By the way, is anyone checking on nuclear-plant safety plans?

by Jonathan Hiskes

It gives me the willies
to think about it, but it’s probably a good time for a hard look at our
“backup” accident plans for nuclear power plants, now that we know how unbelievably
unprepared the BP/Transocean/Halliburton Dream Team was for an accident on
their Deepwater Horizon offshore drilling rig.
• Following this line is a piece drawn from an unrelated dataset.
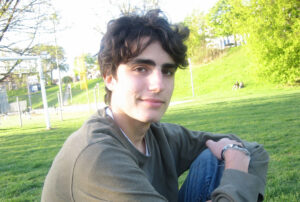 Oliver sits on the grass in a park with trees and a soccer pitch in the background.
I mean, BP’s worthless response plan involved protecting (Arctic) walruses in the Gulf of Mexico.

Our dirty-energy economy
requires us to undertake lots of enormous, risky endeavors that we keep happily
out of mind until something goes wrong. Few of us thought about the perils of
drilling into deeper and deeper ocean beds until the last month. Few of us
thought about coal-ash waste—the toxic sludge left over from coal-fired electricity generation—until a
retaining wall broke and a pond of it poured out near Kingston, Tenn., 18
months ago.

I hear from more people who say they’re concerened about the safety risks of factory meat and other
industrialized food. But with this, too, we’re largely at the mercy of
out-of-sight federal regulators with a lackluster record (see “ammonia
burgers
”). The BP gusher is proving—again—that safety
regulators who are in hock to insanely lucrative industries aren’t going to do an adequate job of
protecting us.

I’ve been happily
clueless about backup plans for the nation’s 104 nuclear-power reactors (to say
nothing of military sites). Now I’m realizing how foolish that is.